The reef aquarium hobby is a past time of expendable income and mental bandwidth; this explains why even though the focus is supposed to be about reef life like corals, fish and inverts, we get sucked into long esoterical discussions about live rock types, surface area and available “internal pore network”.
As a hobby it’s totally fine and welcome to spend time splitting hairs over the minutiae of one’s own passion and hobby, but as this video clearly shows, we’ve gotten so far off from the substantive part of the discussion, that the simple, logical conclusions are not being made. Yes of course the surface area of live rock and aquarium rock does matter but probably not at all in the way that the topic is discussed by reef aquarists, and not exactly in the same vein as what Bulk Reef Supply presents herein.

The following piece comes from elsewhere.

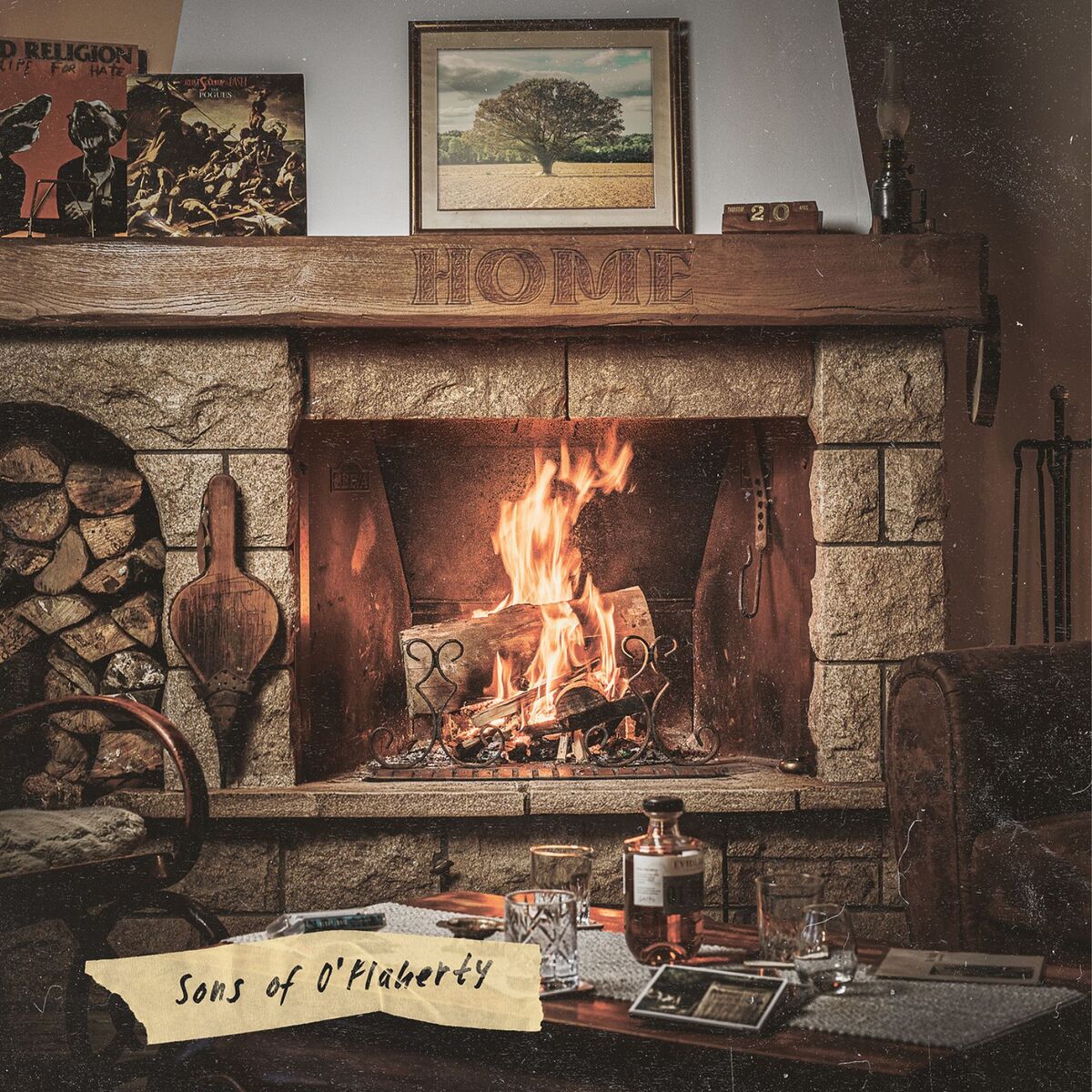 Album cover of Home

In their investigative reporting, Bulk Reef Supply wanted to find out which kind of rock used in reef aquariums is the most porous. Thankfully BRS included a sample of MarinePure biomedia, formerly known as Cell-Pore, to help us deliver the real conclusion to their investigation.
In conventional marine aquarium wisdom, an aquarium needs a lot of surface area in the filter and in the tank in order to house beneficial aerobic and anaerobic bacteria for biologically cleaning the aquarium water. The logic goes that more surface area equals more beneficial bacteria equals more-better-faster processing of nitrogenous wastes such as ammonia, nitrite and nitrate.

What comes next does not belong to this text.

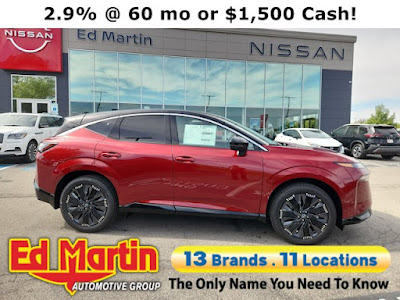 2026 Nissan MURANO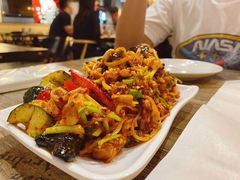 拌花菜-枪火串烧·东北特色烧烤(罗湖总店)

What we find greatly amusing is that the “challenge” of sufficient surface area was completely overcome thirty years ago with bioballs and a deluge of creative high surface area objects. Then in the nineties we figured out that the bioballs were working too well in their wet-dry environment and we removed them allowing the live rock to shoulder the burden.
When the bioballs were exiled from our aquarium, again there was this overly cautious discussion of how much to remove, how fast and whether the tank would “survive”. Needless to say, no reef aquarium ever suffered from removal of bioballs too much or too fast, as there are countless surfaces in the aquarium upon which bacteria can grow. Fast forward twenty years and why are we still talking about surface area of live rock in our aquariums?

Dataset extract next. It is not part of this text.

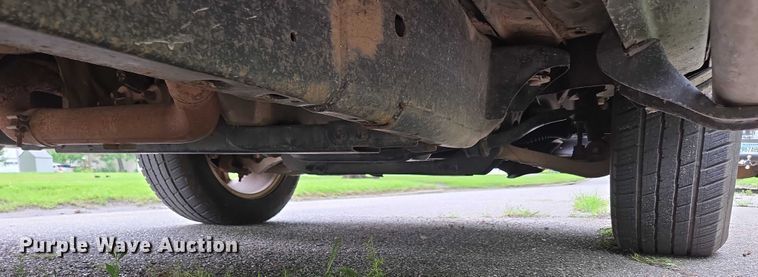 image for item ED2080 2008 Ford F150 SuperCrew pickup truck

Nearly all reef aquarists are guilty of using way more than too much live rock, sometimes cramming rock in unnecessary places in the tank, overflows and sumps. But let us ask you, have you ever seen or heard of a reef tank with a real ammonia problem? Seriously though, we’ve never walked up to a reef tank and seen animals with symptoms of ammonia or nitrite burn. The case in point is that discussing live rock in terms of its surface area for bacteria is a complete waste of time.
Want proof? Bulk Reef Supply’s own measurements show what we’ve known for decades, that a single slab of a specially designed biomedia has somewhere around ten times the surface area of any rock we could possibly get. So how about we just put a nice slab of high surface area media in our sumps and say we forget about the surface area of live rock altogether?
Well we have a totally different take on live rock surface area and it’s the inverse of what is conventionally espoused. We feel more comfortable and in fact prefer dense rocks with as little surface area or porosity as possible in our own reef tanks. The reason is that all that “internal pore network” is just as good at trapping waste and nutrients as it is at housing bacteria. Except that once the pores are packed with detritus and mulm the porosity that was supposed to be our ally in housing beneficial bacteria is now our enemy in being a sink-then-source for nutrients in our water.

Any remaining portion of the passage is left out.